Nevertheless, uniting three untrustworthy agents from three different agencies is a worthy foundation, and The Cartel tries to make good on it by giving each of the three playable characters a unique point of view. The plot, in which this mismatched team attempts to disrupt a web of drug trafficking, is the same regardless of which character you play. But each character has a personal agenda. You and your companions receive phone calls from contacts, filling in story gaps and urging you to perform secret missions. When you play online with another player or two filling in for the AI, this narrative device adds an intriguing dimension that nicely parallels the escalating distrust among the team. When a teammate receives a call, you hear only his side of the conversation. And the cryptic one-sided dialogue means that you experience that distrust along with your character.
The theme of distrust carries over into those secret missions themselves. Secret missions may involve nabbing a cell phone or destroying a vehicle, and each level contains hidden objects that you, and only you, can collect. Your companions, meanwhile, have different duties to accomplish and different items to nab. The trick, however, is not getting caught.
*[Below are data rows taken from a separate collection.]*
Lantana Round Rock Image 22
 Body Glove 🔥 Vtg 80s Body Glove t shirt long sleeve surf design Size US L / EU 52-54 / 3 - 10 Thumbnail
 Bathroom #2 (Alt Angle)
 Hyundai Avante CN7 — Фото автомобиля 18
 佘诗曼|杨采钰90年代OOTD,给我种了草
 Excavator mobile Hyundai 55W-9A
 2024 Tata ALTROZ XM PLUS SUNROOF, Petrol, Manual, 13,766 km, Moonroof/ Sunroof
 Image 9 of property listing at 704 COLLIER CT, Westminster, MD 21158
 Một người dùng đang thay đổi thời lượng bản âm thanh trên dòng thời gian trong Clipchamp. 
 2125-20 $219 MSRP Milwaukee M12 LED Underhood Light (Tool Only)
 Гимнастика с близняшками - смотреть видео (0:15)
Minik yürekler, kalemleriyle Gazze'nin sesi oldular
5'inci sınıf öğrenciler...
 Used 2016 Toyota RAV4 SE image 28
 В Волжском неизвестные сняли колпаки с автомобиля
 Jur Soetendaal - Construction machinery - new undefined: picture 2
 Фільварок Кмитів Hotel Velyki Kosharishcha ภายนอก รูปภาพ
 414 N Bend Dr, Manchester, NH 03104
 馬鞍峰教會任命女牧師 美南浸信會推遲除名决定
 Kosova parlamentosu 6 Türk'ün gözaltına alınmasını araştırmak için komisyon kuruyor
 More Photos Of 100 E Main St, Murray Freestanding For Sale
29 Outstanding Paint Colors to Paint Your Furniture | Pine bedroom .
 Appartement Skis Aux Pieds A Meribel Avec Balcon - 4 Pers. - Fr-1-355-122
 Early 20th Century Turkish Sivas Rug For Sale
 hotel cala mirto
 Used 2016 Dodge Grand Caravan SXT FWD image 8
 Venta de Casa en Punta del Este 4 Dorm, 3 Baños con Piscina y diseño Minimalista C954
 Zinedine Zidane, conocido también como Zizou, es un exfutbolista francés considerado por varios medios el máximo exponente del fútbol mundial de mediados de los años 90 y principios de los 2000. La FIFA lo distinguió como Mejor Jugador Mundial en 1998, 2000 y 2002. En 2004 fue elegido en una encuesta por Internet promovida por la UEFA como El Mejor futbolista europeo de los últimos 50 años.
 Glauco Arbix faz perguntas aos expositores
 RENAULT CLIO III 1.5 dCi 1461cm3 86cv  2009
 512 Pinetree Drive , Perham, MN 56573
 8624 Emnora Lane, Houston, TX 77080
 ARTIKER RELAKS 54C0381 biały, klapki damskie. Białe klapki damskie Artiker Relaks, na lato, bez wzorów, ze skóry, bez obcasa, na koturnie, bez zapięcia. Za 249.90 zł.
Should you thieve an item in eyeshot of a comrade, you don't get credit for taking it, though your buddy gets credit for catching you. Successfully accomplishing a task earns you experience, as does spotting a double-crossing partner. And earning experience helps you gain levels, which in turn gives you access to better guns at the start of each chapter. What a neat idea this is--not just because it cleverly links the story to the gameplay, but also because it gives cooperative play a competitive twist.
But like most of The Cartel's appealing concepts, secret missions suffer from glitches and other execution errors. Updates come in the form of text messages and phone calls, at which point your pace slows and you must listen to the message or read the text. You might receive an update in the middle of one of the game's clumsy fistfights, or during a high-speed car chase. You can't hang up of your own accord; all you can do is hope your foe doesn't pummel you while you stupidly hold your phone up as if nothing unusual is going on. Furthermore, some objectives can't be completed. A secret object may never appear where the waypoint leads, or you may not earn proper credit for rescuing a prisoner. You might receive a button prompt to interact with an invisible object that another character is meant to interact with. And if you play alone, with the AI controlling your two companions, you miss out on much of the uniqueness. That's because while AI companions can interrupt your attempted thefts, they never perform their own secret acts, and so you are always the spied-upon, but never a spy.